══ Source information ══
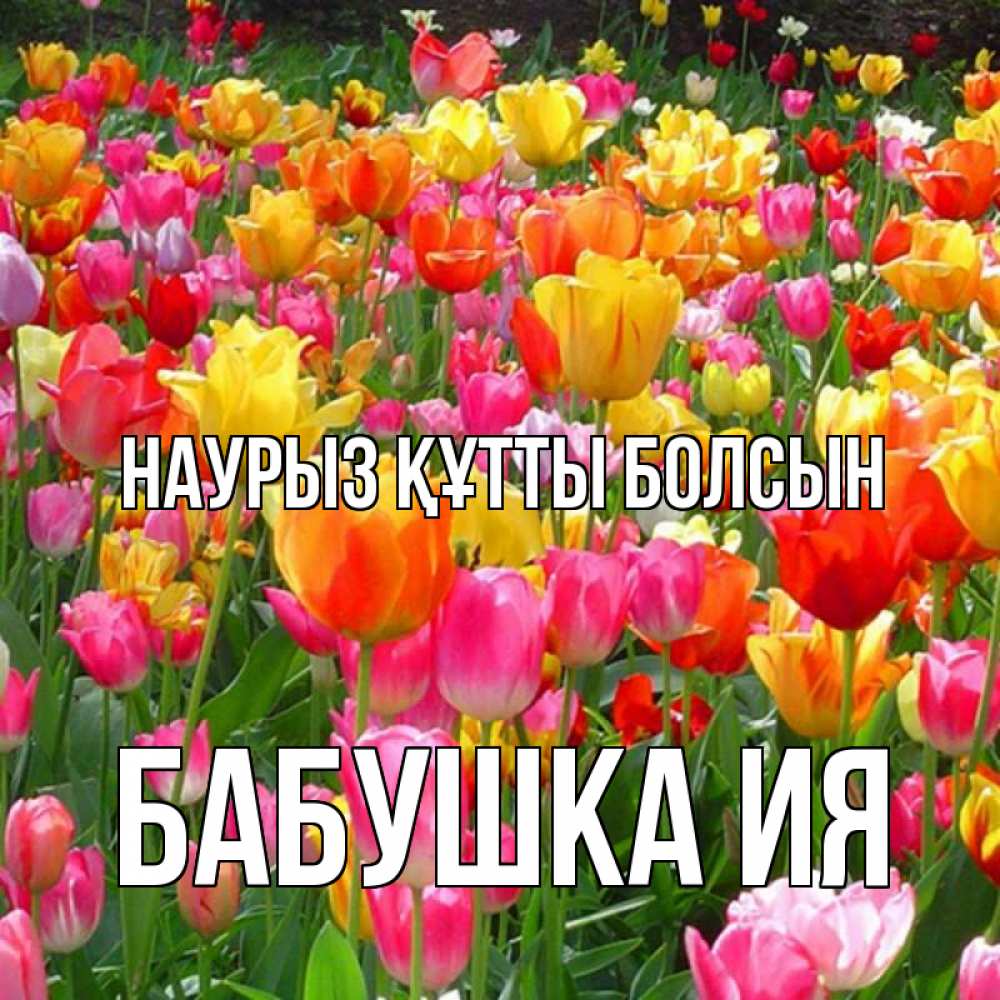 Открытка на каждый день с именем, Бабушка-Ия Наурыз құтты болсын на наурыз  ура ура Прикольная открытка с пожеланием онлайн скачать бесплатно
═══
══ Source information ══
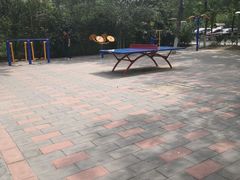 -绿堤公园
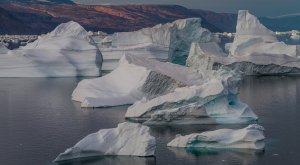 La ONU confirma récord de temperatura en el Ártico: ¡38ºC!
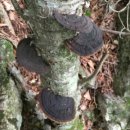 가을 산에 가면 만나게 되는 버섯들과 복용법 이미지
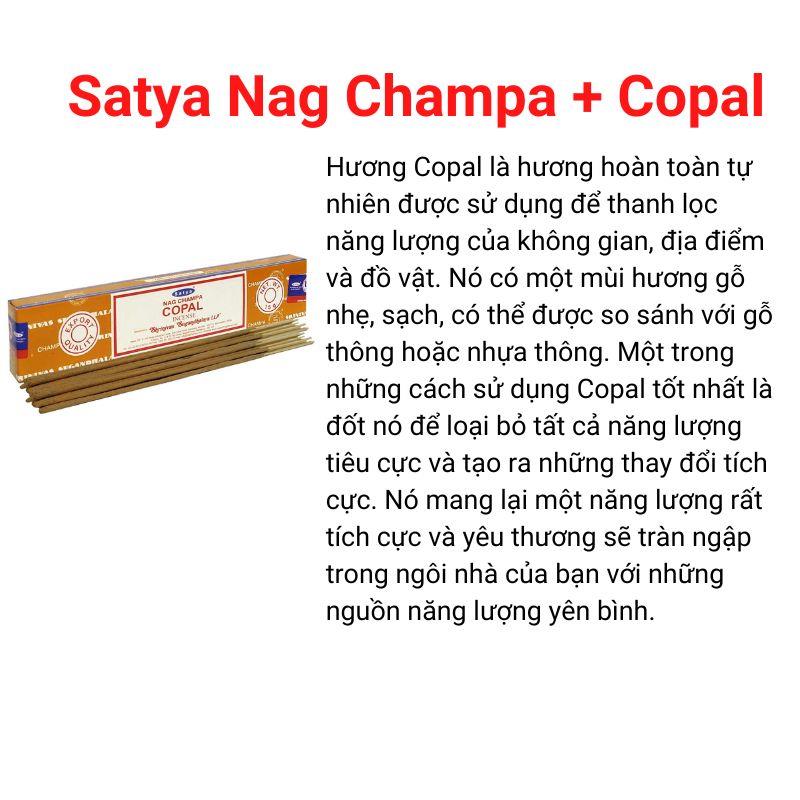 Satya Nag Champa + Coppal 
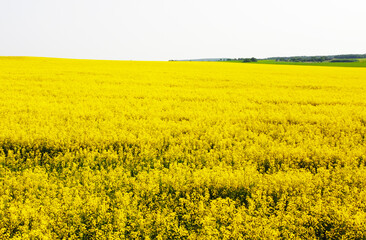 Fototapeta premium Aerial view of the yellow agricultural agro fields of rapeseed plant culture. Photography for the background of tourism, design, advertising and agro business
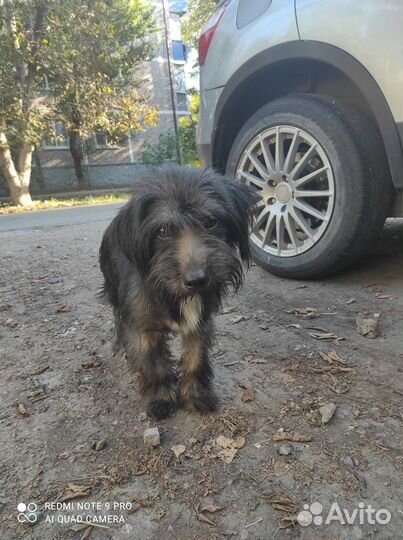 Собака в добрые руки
═══
Starting at the line above that holds "La ONU confirma", return each line up to and including the one that holds "Собака в добрые руки", exactly as written, minus any pictures.

 La ONU confirma récord de temperatura en el Ártico: ¡38ºC!
 가을 산에 가면 만나게 되는 버섯들과 복용법 이미지
 Satya Nag Champa + Coppal 
 Fototapeta premium Aerial view of the yellow agricultural agro fields of rapeseed plant culture. Photography for the background of tourism, design, advertising and agro business
 Собака в добрые руки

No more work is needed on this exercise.